● Record excerpts

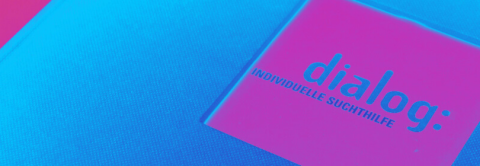 Cover mit Schriftzug Dialog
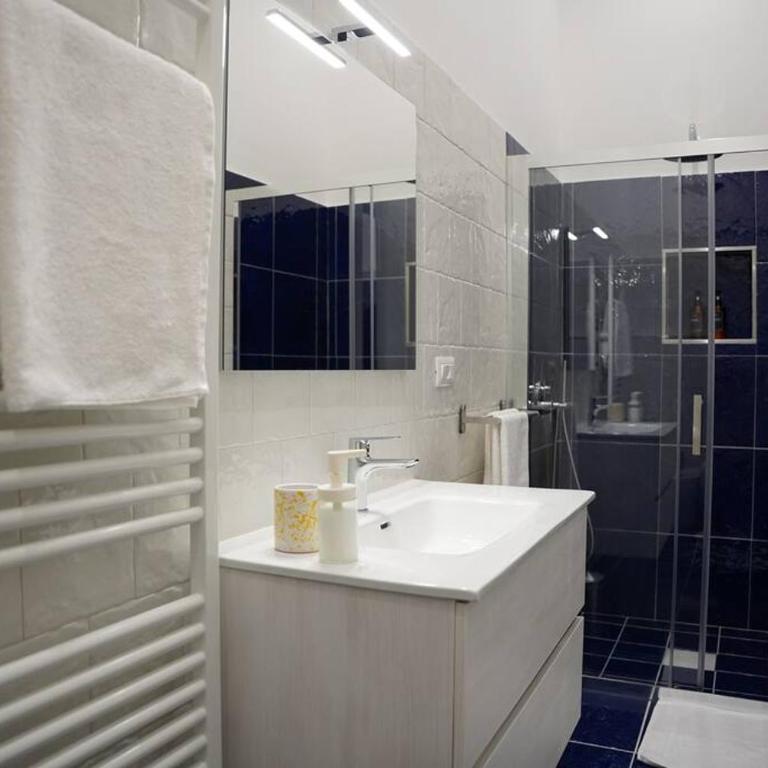 Maison Olivia, nuovo appartamento in zona Chiaia - Two-Bedroom Apartment - 27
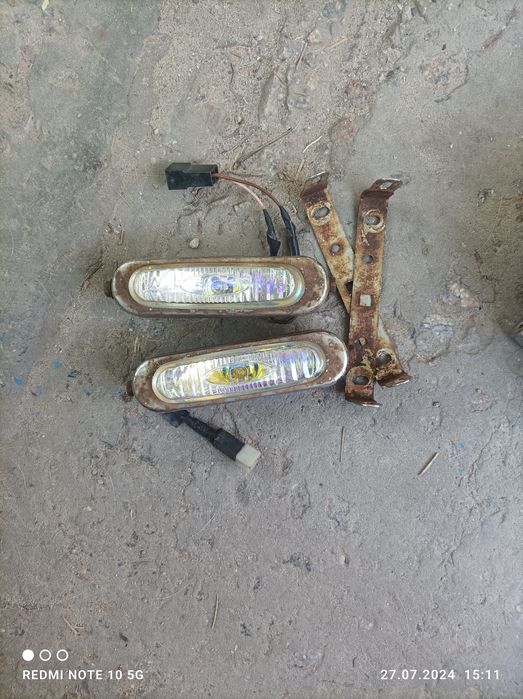 Продам противотуманки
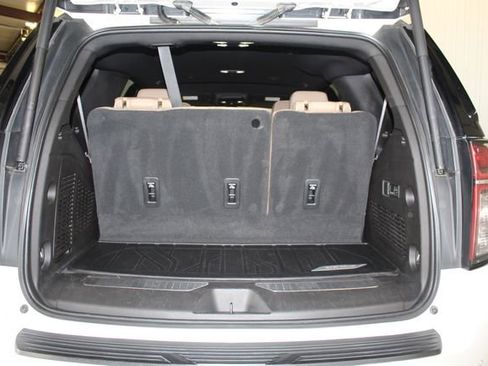 Used 2021 Chevrolet Tahoe Premier RWD image 7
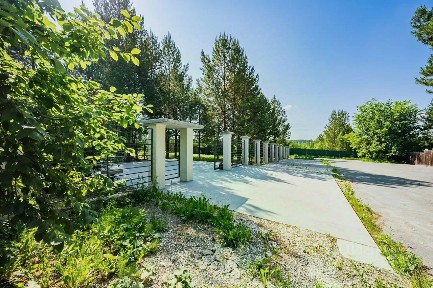 Продается 3-этажный коттедж, 394 м²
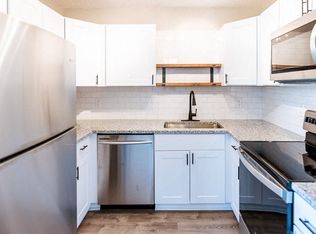 Stoneside Apartments, Kansas City, MO 64118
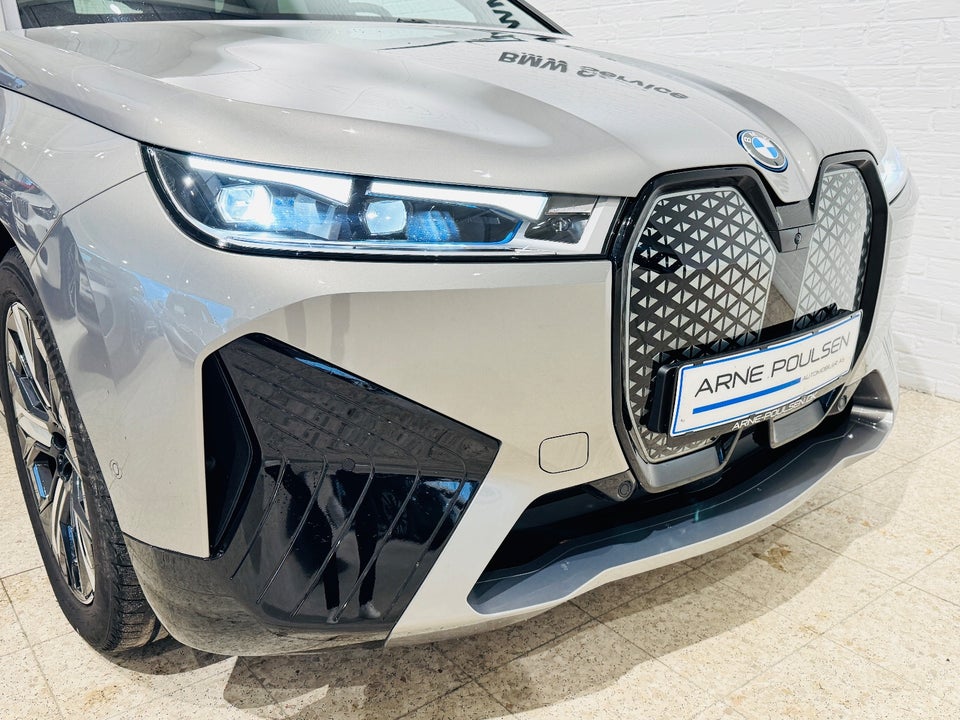 BMW iX xDrive40 Supercharged 5d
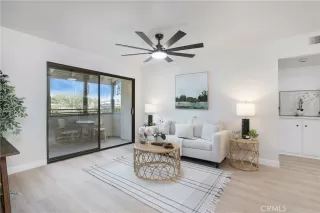 Photo #2: LG24167531 Listing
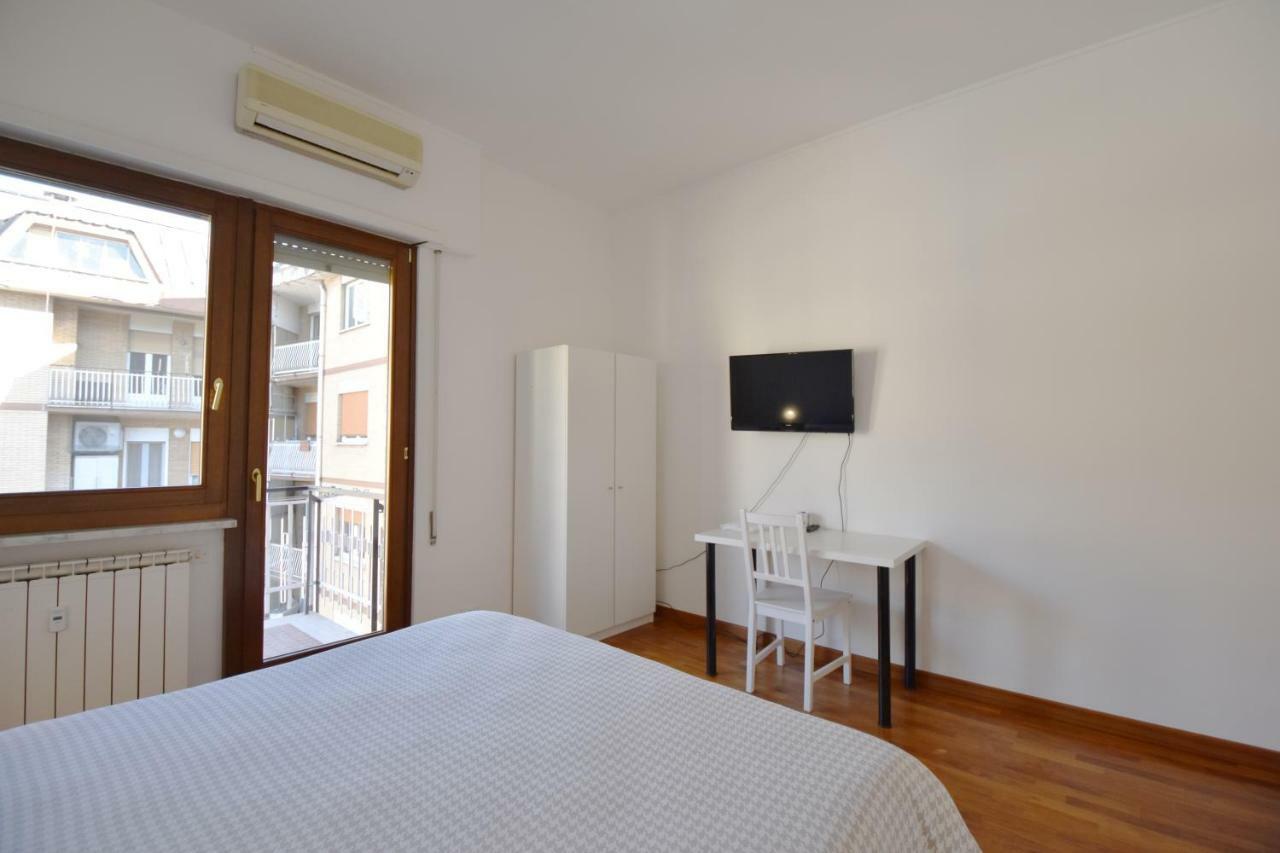 Nice And Warm Rooms Rom Exterior foto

● Activity
Line by line, reproduce exactly the lines from the one containing "Photo #2: LG24167531 Listing" through the final line of the material, both included, leaving every picture out.

● Problem solution
 Photo #2: LG24167531 Listing
 Nice And Warm Rooms Rom Exterior foto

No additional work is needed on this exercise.